Provenance:
Private Collection, Barcelona, Spain

ABOUT THE WORK

Art historians often muse : What would Juan Luna have become had his Parisian life not been stopped by his personal tragedy in September 1892. One of his most devoted biographers, E. Aguilar Cruz, wrote “When Luna arrived in Paris in 1885, the French Salon was dying; Impressionism had already passed its zenith, and Neo-Impressionism, its offshoot, was gathering force. From this, one might expect that Luna — already showing signs of discontent with Academism and with the limitations of Grand Manner painting — might have joined ranks with the Impressionists.” He continues, “In the crosscurrents of the different schools which competed for the distinction of representing the spirit of those times, painters like Luna were notable for maintaining their independence from the extremes of academic and anti-academic art. It was such that Luna made his mark as an artist worthy of the best.” By 1886, Luna was on his way to becoming a celebrity, not only among his fellow Filipinos who basked in the reflected glory of his triumph with the bemedalled Spoliarium but with the greater circle of European artists and critics.
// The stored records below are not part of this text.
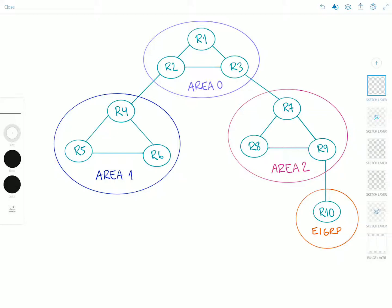This hub-and-spoke requirement eliminates redundant paths and prevents the count-to-infinity problem, which is typical of distance vector routing. Count to infinity is basically another name for a routing loop. The core of the problem is that if A tells B it has a path to D, there's no way for B to know if the path includes B itself. I'll leave a link in the description so you can learn more about the count-to-infinity problem.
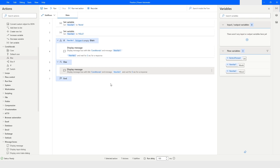This is how you can use the IF/ELSE action in Power Automate Desktop. If you liked this video, please click the like button and subscribe to my YouTube channel. If you have any questions, post them in the comment section. Thank you for watching, have a great day.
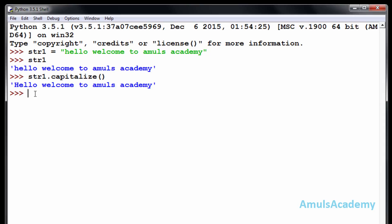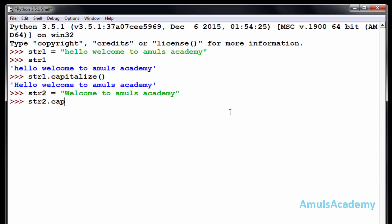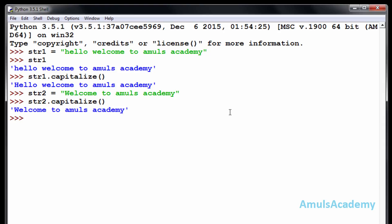Next, if the first letter is already in upper case, what will happen? For that we take another example str2 with a string that already starts with an upper case letter, and we apply the capitalize function. There is no change in the input and output, because capitalize checks the first letter — if it is in upper case it won't change it, and if it is in lower case then it will change it to upper case.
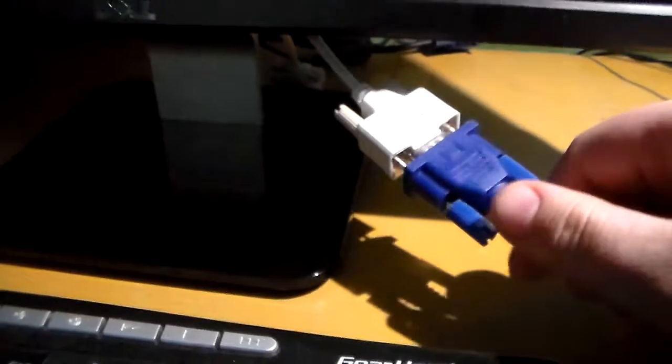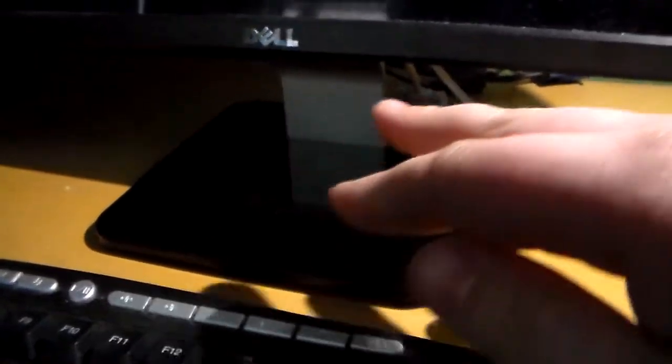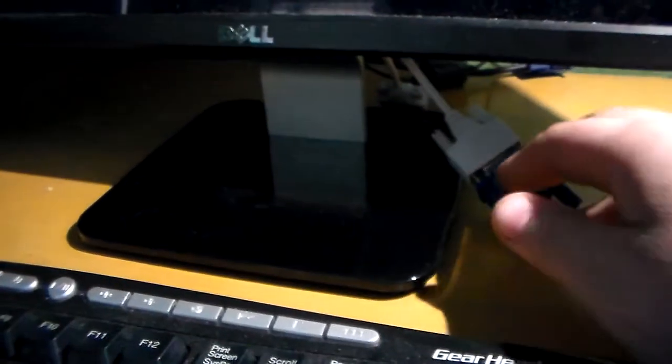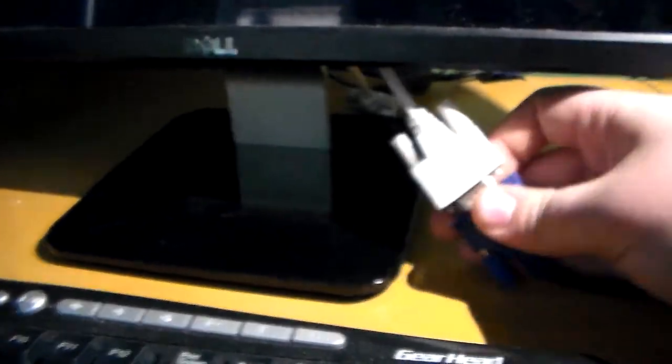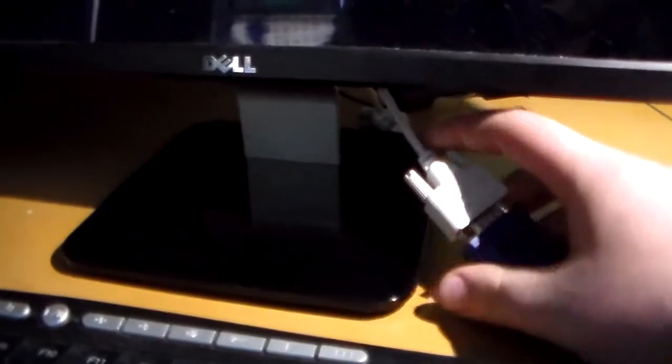We're using a VGA splitter, one going to your computer, one going to your monitor. You cannot have both devices on at the same time.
He had been toasted by José Rizal, was a friend of ilustrados such as Pedro Paterno and married the heiress Paz Pardo de Tavera. With his wife, he had two capacious villas on Rue Pergolese in Paris, one of them used only as his studio. As Aguilar Cruz would remark, ‘Some days, he would pack up his oils and brushes for painting holidays in the fashionable bathing resorts on the Channel coast.” There are works of his done in en plein aire of Noisy-le-Grand as well as of Brittany. This pocket portrait may have been created during one such expedition, painted on the fly, one of “the casual oil sketches” that Aguilar Cruz said “cannot conceal the vigor of his style as a realist.”